Still, John C. Kilwein, the chairman of the political science department at West Virginia University, said Mr. Manchin would be “incredibly important” in the event of a 50-50 Senate. His stances would also serve as useful cover for Mr. Biden and Senator Chuck Schumer, Democrat of New York and the minority leader, from criticism they are likely to face for not fully embracing the progressive agenda.
“He dashed progressives’ hopes already of doing away with the filibuster and packing the court,” Mr. Kilwein said.
In some ways, Mr. Manchin is a throwback to a bygone era. A gun owner who grew up in the small town of Farmington, W.Va., and lives on a houseboat while in Washington, he keeps photographs of children killed in the 2012 Sandy Hook Elementary School shooting on his office wall. Teaming up with Senator Patrick J. Toomey, Republican of Pennsylvania, Mr. Manchin tried in 2013 to craft some modest gun safety measures to prevent such mass killings from happening again, but their efforts stalled amid bipartisan opposition.
He often describes having learned to govern with “common sense” from watching small-town officials navigate problems like whether to put in or take out a stoplight.

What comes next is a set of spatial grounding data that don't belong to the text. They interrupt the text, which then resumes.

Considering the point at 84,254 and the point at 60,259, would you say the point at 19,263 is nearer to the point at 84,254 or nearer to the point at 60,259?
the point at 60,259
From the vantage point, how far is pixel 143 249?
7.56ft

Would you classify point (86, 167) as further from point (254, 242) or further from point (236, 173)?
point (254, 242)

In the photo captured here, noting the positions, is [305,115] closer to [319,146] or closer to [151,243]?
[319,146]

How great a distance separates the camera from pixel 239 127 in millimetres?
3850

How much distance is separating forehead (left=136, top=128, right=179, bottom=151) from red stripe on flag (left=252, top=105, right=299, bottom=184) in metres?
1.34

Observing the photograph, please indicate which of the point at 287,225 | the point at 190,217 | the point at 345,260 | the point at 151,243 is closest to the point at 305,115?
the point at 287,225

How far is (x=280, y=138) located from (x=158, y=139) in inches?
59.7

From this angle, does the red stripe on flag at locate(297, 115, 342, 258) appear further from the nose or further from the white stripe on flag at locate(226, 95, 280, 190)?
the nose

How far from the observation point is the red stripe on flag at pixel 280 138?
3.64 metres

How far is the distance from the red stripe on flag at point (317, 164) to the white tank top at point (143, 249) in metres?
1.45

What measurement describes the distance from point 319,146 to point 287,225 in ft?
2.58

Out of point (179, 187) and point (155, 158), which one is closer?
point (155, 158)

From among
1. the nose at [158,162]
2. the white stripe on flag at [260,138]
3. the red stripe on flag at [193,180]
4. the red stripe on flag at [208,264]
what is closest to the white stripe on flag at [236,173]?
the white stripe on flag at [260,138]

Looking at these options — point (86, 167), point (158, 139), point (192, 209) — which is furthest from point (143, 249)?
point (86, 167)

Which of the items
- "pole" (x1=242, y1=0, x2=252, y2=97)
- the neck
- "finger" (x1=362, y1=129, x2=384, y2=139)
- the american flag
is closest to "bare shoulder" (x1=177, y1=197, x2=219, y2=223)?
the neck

Charles S. Trump IV, a Republican state senator from West Virginia who has known Mr. Manchin for three decades and is not related to the president, said the senator took after his uncle A. James Manchin, an “icon of West Virginia politics.” The elder Mr. Manchin was an entertaining politician who rid the state’s countryside of thousands of junked cars and old tires.
As the state’s working-class rural white voters — who once voted for Democrats partly because of strong ties to labor unions — shifted to the right, few Democrats could continue to win in West Virginia. The president won the state by nearly 40 percentage points this year. But Mr. Manchin held onto his seat in 2018, surviving the steepest re-election challenge of his career partly on the strength of the trust he has built with constituents over decades.

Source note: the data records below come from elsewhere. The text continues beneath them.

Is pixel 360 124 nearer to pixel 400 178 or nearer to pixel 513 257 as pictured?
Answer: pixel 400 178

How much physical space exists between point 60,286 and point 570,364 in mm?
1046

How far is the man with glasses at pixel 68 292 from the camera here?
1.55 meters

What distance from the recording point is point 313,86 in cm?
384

Mr. Trump, the state senator, recalled how Mr. Manchin as governor cut short a trip in 2006 to attend the Sugar Bowl in Atlanta, where he planned to cheer on the West Virginia University Mountaineers, when there was a mine disaster back home.
“He came straight home,” Mr. Trump said. “He knew it would be important to the people during a crisis that he was there.”
This year, Mr. Manchin crossed party lines when he became the only Democratic senator to endorse Ms. Collins in her fourth re-election attempt against a strong challenger, Sara Gideon, whom many in Congress expected to win. When Ms. Collins defied the polls, Mr. Manchin was one of the first to call and congratulate her.
“He’s courageous,” Ms. Collins said. “I admire he does the things he believes are right, even if he gets a lot of grief from the Democratic leader for it.”
Ms. Collins said she looked forward to working with Mr. Manchin on issues such as reducing the price of prescription drugs and a broad infrastructure package. But the obstacles are steep, with powerful groups on both sides of the political spectrum “demanding 100 percent compliance” with their views, she said.
Ms. Murkowski said she hoped a functioning Senate was not “a pipe dream from a bygone era.”
“For those of us more in the moderate camp, it’s a very important role that needs to be played, and I’m looking forward to playing a part in that,” she said. “I’m tired of the bitter partisan divide we’ve seen. I want to try to figure out how we are governing again for all the country, not just for the Republicans.”